Es reicht.

Meine Tochter und ich waren heute morgen spazieren. Nach einer Nacht, die wirklich besser hätte sein können. Doch nach den gestrigen Ereignissen in München ist das alles nebensächlich. Wir haben die kleinen Mädchen getroffen, die wir oft am Spielplatz sehen. Heute waren sie zusammen mit der Oma da, die alle Hände voll zu tun hatte mit ihren drei Enkeln. Die Große fehlte, das fiel mir sofort auf. Normalerweise ist sie es, die auf ihre kleinen Schwestern aufpasst, in zweier Reihe zum Spielplatz kommt, damit alle zusammen bleiben. Wirklich süß sieht das aus, weshalb ich das zwölfjährige Mädchen auch stets lobe. Und danach ist sie eine noch viel stolzere Babysitterin als zuvor. „Wo ist denn heute eure große Schwester?“ Auf diese Frage hin meinte die Oma nur, dass sie heute nicht rauskommen will. Sie habe zu viel Angst.

Und da war sie wieder, die Gänsehaut, die mir trotz angenehmer Sommertemperaturen aufstieg. Sie hatte die Nachrichten gestern mit ihren Eltern mitverfolgt, wie bestimmt unzählige andere Kinder auch. Klar, es geschah am frühen Abend, das bekommt man mit, zumal ein 12-jähriges Kind freitags in den Ferien auch nicht um sieben Uhr schlafen geht. Die Oma erzählte mir, dass auch der Vater der vier Kinder beruflich viel in München zu tun hat, die Große auch schon des öfteren mit war. So weit ist die Stadt auch nicht entfernt von uns, denn auch wir waren alle schon dort. Die Angst ist da, mit der muss das Mädchen jetzt leider leben lernen, so wie Millionen andere Kinder auch. Erschreckend.

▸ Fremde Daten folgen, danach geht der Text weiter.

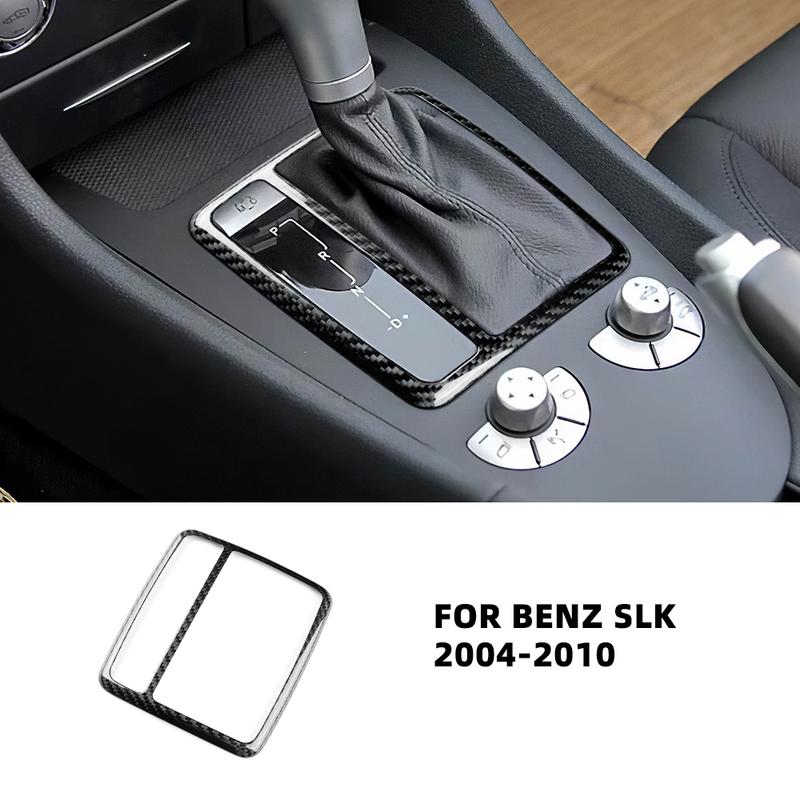 Твердый Сухой Углепластик Для Mercedes Benz SLK R171 2004 2005 2006 2007 2008 2009 2010 Автоматическая Крышка Панели Переключения Центрального Управления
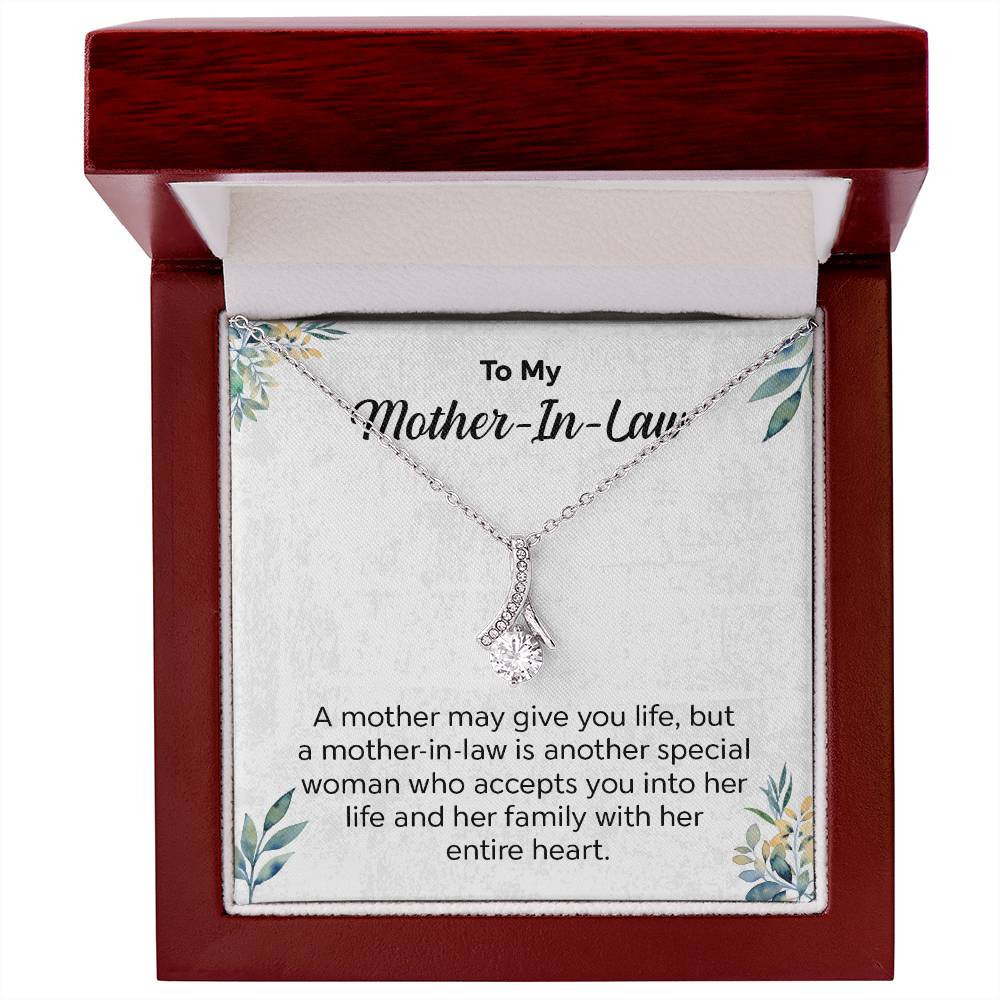 Gift for Mother-in-Law Necklace with Message Card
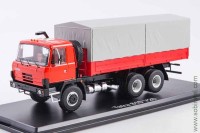 TATRA-815 V26 бортовой с тентом, красный (SSM 1:43)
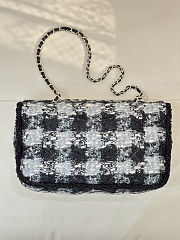 Chanel Flap Bag Tweed Black 25cm - 2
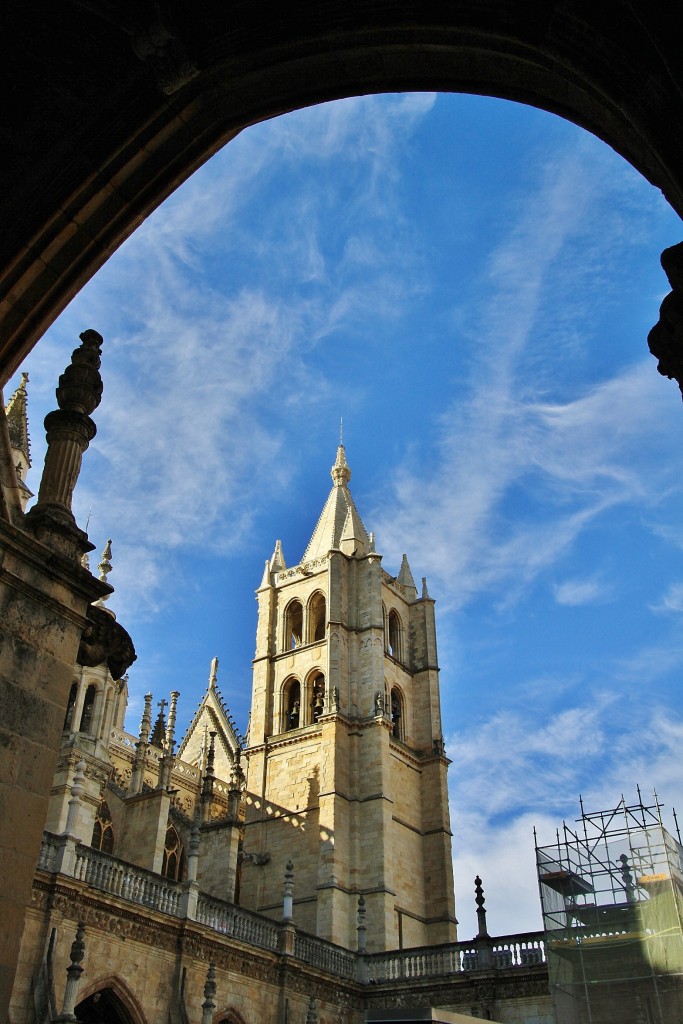 Foto: Claustro de la catedral - León (Castilla y León), España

Jetzt ist es also so weit, dass sich unsere Kinder fürchten. Vor der Welt, vor den Nachbarländern, vor dem Unbekannten, das jederzeit an jedem Ort passieren kann. Ist das wirklich das Ziel dieser Menschen? Eine Welt voller Angst und Schrecken zu kreieren? Unseren Kindern ein Stückchen der Kindheit zu nehmen, indem sie so klein sich mit solchen Ängsten auseinander setzen müssen? Schrecklich, mir fehlen die Worte. Ich bin Mutter eines Kleinkindes. Mir bleibt das bis dato noch ersparrt. Keine Erklärungen sind notwendig, denn die Maus versteht es noch nicht wie und was in der Welt passiert. Doch irgendwann wird auch sie es verstehen. Wie geht man als Elternteil am besten damit um? Offen reden, klar. Die Tatsachen nicht beschönigen, ehrlich sein. Doch damit legt sich doch auch nicht die Angst.

Die Angst vor der realen Welt, die erleben fast alle Kinder circa ab dem neunten Lebensjahr. Angst vor Gewalt, vor Tod, vor Unfällen – das ist nicht zu vermeiden. Vor allem dadurch nicht, dass Kinder es auch in den Medien sehen, und sei es bloß in der Tageszeitung der Eltern. Während die meisten Kleinkinder unter Trennungsangst, Angst vor Dunkelheit, Gewissensangst oder auch beispielsweise unter Angst vor einem Liebesverlust leiden, müssen die größeren Kinder mit ganz anderen Ängsten klarkommen. Und zwar jene, die sie aus der Umwelt wahrnehmen. (Quelle: Angst bei Kinder) Das ist immer schon so gewesen. Doch waren wir bis dato auch in einer halbwegs friedvollen Umwelt und einem halbwegs sicheren Europa. Je schlimmer die Gegebenheiten werden, umso schlimmer ist die Angst, mit denen die Kinder leben müssen. Ein „bei uns passiert so etwas nicht“ funktioniert nur mehr schwer. Jetzt möchte ich mir nicht vorstellen müssen unter welcher Angst die Familien und vor allem die Kinder in München weiterleben müssen. Oder in den anderen Städten, in denen bereits etwas passierte. Oder die Menschen, die nach der Axtattacke in Würzburg wieder in einen Regionalzug steigen mussten, weil sie nur so zur Arbeit kommen. Natürlich, so darf man gar nicht denken. Das tue ich auch nicht, wenn ich draußen unterwegs bin. Doch was, wenn unsere Kinder so denken? Oder gar, wenn sie mit so einer Angst groß werden müssen? Ich will es mir nicht vorstellen.